I can still remember the time before 1965 when the sense of awesomeness was palpable. I would no more dare step into the sanctuary before being an altar boy than step into fire. And when my mom brought home some unconsecrated communion wafers when I was preparing to take my first Communion, I refused to eat them.
Suddenly, in 1965, all kinds of things began to change. And I'm not referring to official changes in the liturgy, but to the way priests and people did things and treated things outside of the official rubrics.
For instance, suddenly instead of beautifully bound black leather books with gold leaf edged, missals became disposable paper missalettes with the very Word of God in them. Gone was the stately orthography and the beautifully etched illustrations (not to mention the Latin). Instead of saying special prayers for each item while vesting, and then reciting Psalm 43 (42) while approaching the altar, the priest chats about who know what until the opening hymn starts. Altar rails were removed. Altar boys became servers and, instead of cassock and surplice, began to wear a ratty white alb with a plain rope cord for a cincture. The music became informal folk guitar music.
Things got very strange in the seventies. The Masses at the Bulla Shed at Notre Dame were done in a sitting position, using homemade bread that resembled cake more than anything. Even Emil T. Hoffman, the famed Notre Dame chemistry teacher, went to these Masses. I recall one C.S.C. priest celebrating Mass with us on a Frisbee altar on a mounting in Austria. It was quite common for students to go to the dorm Mass in their bathrobes. Or to study in the chapel lying down on the floor behind the altar.

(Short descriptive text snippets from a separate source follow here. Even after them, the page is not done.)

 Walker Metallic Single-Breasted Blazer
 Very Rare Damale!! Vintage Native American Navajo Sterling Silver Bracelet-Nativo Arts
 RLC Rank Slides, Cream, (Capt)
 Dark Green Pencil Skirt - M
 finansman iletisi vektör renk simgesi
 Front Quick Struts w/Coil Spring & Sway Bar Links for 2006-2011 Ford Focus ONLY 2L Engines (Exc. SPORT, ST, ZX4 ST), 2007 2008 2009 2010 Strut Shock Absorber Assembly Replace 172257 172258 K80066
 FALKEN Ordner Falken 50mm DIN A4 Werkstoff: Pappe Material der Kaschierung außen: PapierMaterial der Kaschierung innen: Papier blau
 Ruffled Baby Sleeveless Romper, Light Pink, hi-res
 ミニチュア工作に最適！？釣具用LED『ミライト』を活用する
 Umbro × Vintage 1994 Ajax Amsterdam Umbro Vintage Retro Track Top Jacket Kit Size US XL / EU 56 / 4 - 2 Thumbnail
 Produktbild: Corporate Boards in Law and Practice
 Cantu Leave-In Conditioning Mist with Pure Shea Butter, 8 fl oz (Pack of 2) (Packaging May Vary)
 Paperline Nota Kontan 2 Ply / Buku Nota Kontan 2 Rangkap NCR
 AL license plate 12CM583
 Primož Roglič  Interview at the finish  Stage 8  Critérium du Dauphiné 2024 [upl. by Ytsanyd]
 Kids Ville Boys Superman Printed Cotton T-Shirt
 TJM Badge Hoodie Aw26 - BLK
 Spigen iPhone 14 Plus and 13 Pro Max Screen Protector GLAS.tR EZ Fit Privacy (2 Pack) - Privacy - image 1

Even at our parish, St. Anthony's, which is one of the liturgical gems of the diocese where there is a strong emphasis on the sacred, the parishoners chat in the isles after Mass (but, gottseidank, not before).
The accumulated effect of all these incidental changes in behavior was to deaden me, seemingly permanently, to the sense of the sacred. I remember, for instance, having absolutely no sense of holiness when I met and shook hands with Mother Teresa in the early 1980s. Nor was I exactly awe struck when I went to a papal audience in 1979.
As noted, almost none of these things have anything to do with the official changes in the liturgy since Vatican II. Much of the old ways could still be in place with the new missal. Something as simple as dressing up for Mass could still be done.
What we have here is an instance of bad inculturation. American have a strong preference for the casual and the informal. Why do we even need dress-down Fridays at work? Which then becomes the norm for all days? Comfort is more important than having our clothes say something about the importance or meaning of what we are doing.
I would suggest, for those of us, priest and people, who are growing impatient with the romanitas of current liturgical reforms aimed at enhancing the sense of the sacred, that we should begin with these things we can do something about. Lets dress up a little, get nicely bound missals, etc. Priests, those vesting prayers are still in the Roman Missal. Use them!